State Launches Single Identity PilotNational Strategy for Trusted Identities in Cyberspace Update
A pilot project the state of Pennsylvania is launching to develop single identities for residents could help reduce fraud as it piggybacks on existing enterprise directory services, state CISO Erik Avakian says.
The National Institute of Standards and Technology awarded Pennsylvania a $1.1 million grant as part of the National Strategy for Trusted Identities in Cyberspace, or NSTIC, a public-private initiative to seek ways to create a so-called identity ecosystem that lets individuals choose from an array of credentials to transact business online (see States Test New Credentialing Approaches).
"This is really going to enable convenient, secure, privacy-enhancing online transactions for our customers," Avakian says in an interview with Information Security Media Group (transcript below).
"This grant is going to enable a secure ... online transaction which should also reduce fraud," Avakian says.
Pennsylvania is conducting the project at the Department of Public Welfare because it maintains a robust enterprise directory that provides single identities to employees. The pilot will be extended to other agencies as the state validates the new credentialing approach.

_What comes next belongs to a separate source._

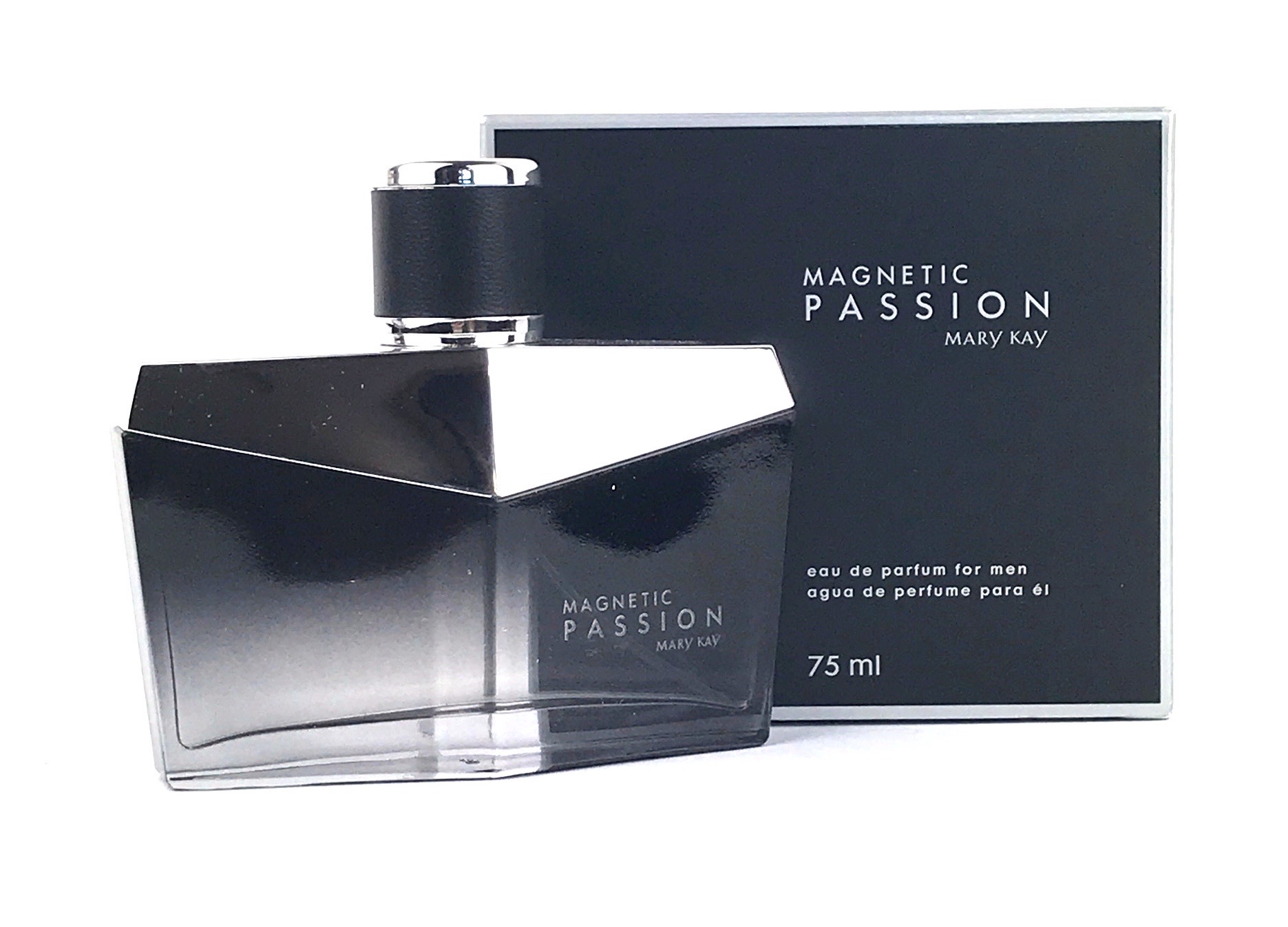 Mary Kay Fragrance and Mist :: Magnetic Passion ~ Cologne - Discount ...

In the interview, Avakian discusses how the pilot project:
- Could help reduce fraud;
- Piggybacks on existing enterprise directory services that provide single identities to state employees;
- Employs outside identity verification services.
Avakian became the commonwealth's CISO in June 2010 after serving more than three years as deputy CISO. Before joining state government, Avakian spent more than a year as a security consultant to the state. He holds a number of certifications, including Certified Information Systems Security Professional, Certified Information Systems Auditor and Certified Information Security Manager.
Single Identity Project
ERIC CHABROW: Take a few moments to tell us about this project.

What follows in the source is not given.